I’m more and more careful about making predictions as the amount of future-casting done in my field (already a nebulous one) could fill books. I think the future is best defined by what we do now, that’s the only hope we have really. The rest is speculation, which I often leave to trends publications, bankers, science-fiction writers, palm readers & scientists (who actually know what they are talking about).

My esteemed panelists were decidedly careful too and so at the last minute, I thought I’d make some bold statements.

Dystopian Internet of Things (or of people)

I started by talking a little bit about a pre-panel encounter with some brilliant young 17-18 year olds from the North East. Around some tea and scones, they were asked to make their own predictions and we sat in and challenged them a little.

Mostly young men, they were perfectly happy to look me in the eye and ascertain that they didn’t understand why people in the future should interact face to face. Texting and Facebook was replacing things surely!

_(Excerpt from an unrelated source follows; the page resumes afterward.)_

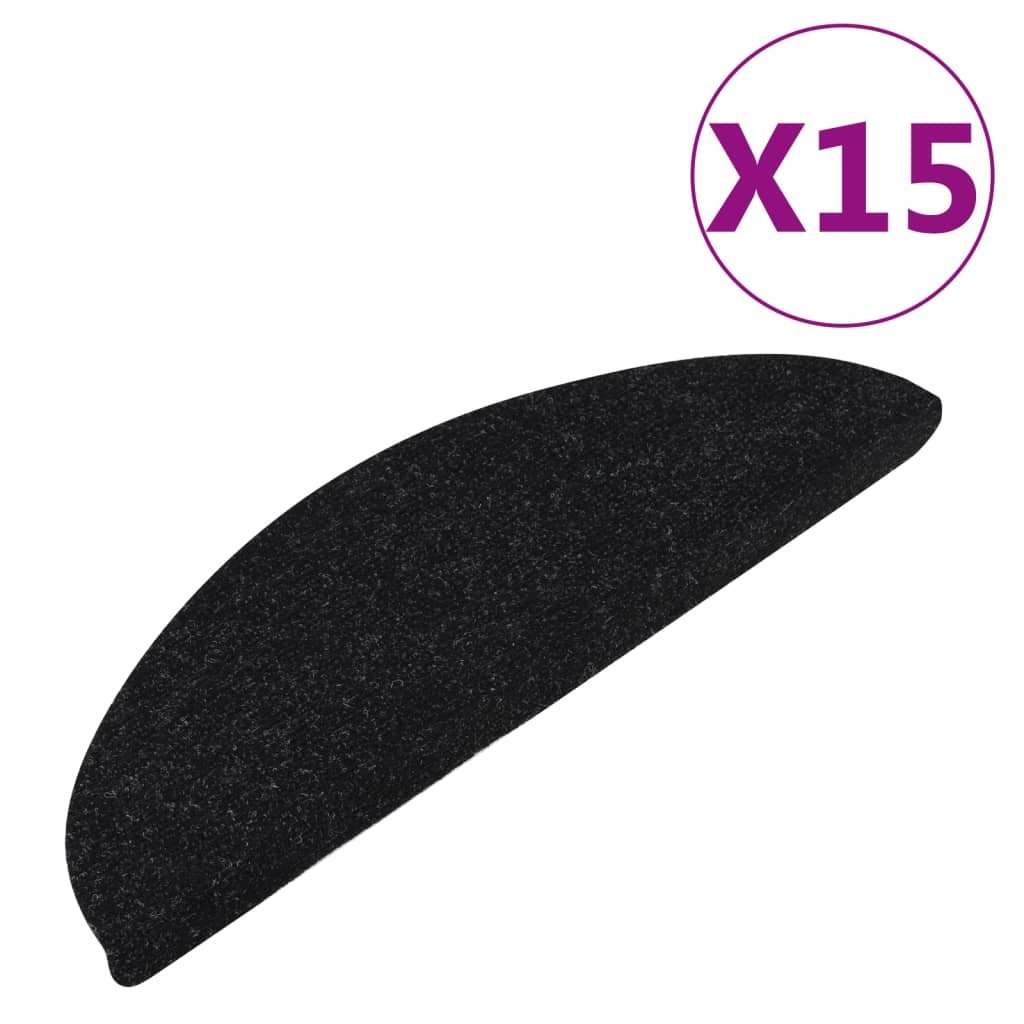 shumee Samoprzylepne nakładki na schody 15 szt. 65x26 cm czarne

I gasped, alarmed about our future as a society and then remembered that 17-18 year olds live in an environment of constant contact with each other in school already. Once out of that environment, face to face will become incredibly important again. I have to believe that this will be the case, otherwise the burden we will place on personal technologies will be one of not only helping us be more efficient, but to help us retain our human qualities. Non-verbal communication and face-to-face interactions are what makes us social creatures to begin with. If we lose that contact and lose our ability to understand and read social signals, interact socially, argue, fight, flirt, etc, then we will have become like the ever-charismatic founder of Facebook: sufferings from slight Aspergers syndrome. The internet-of-things will become a way for us to avoid talking to each other because our objects do all the talking for us. I’d like to think we are smarter than this and this is a dystopian point of view. But we have to be prepared for every scenario right?

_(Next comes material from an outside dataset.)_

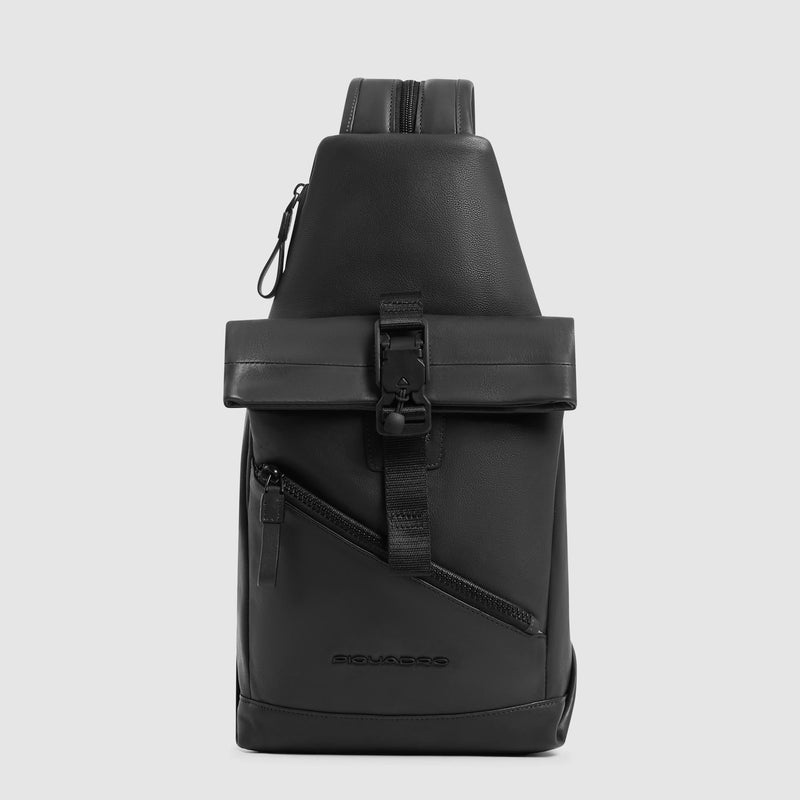 Convertible Leather Sling Bag, iPad mini & RFID - black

Sharing the Science Journey

Out of the corner of my eye, I’ve been keeping an eye on things like Pink Army, Nobellini, spacehack.org, galaxyzoo, and other citizen scientist projects and there’s something there that scientists and science funding do not understand: the expert is not the only one engaged in a conversation about science.

The expert is of course the guy in the lab, but his peers can be people “out there” and I believe there are economic models which can be explored where instead of sending spam to earn some pocket money or putting pamphlets through the door, the less wealthy could earn money by helping out on science research. This would do wonders for communication of the value of science as it would be tied to economic growth instead of being perceived as national R&D. It could become part of science lessons in school. Mechanical Turk for science 101. I don’t think it’s new to anyone who has been using the internet for a while, but it’s not an easy conversation to have with universities who are desperate for funding, science communication bodies who don’t know where to put their money and other publicly funded projects who will suffer in the next fortnight.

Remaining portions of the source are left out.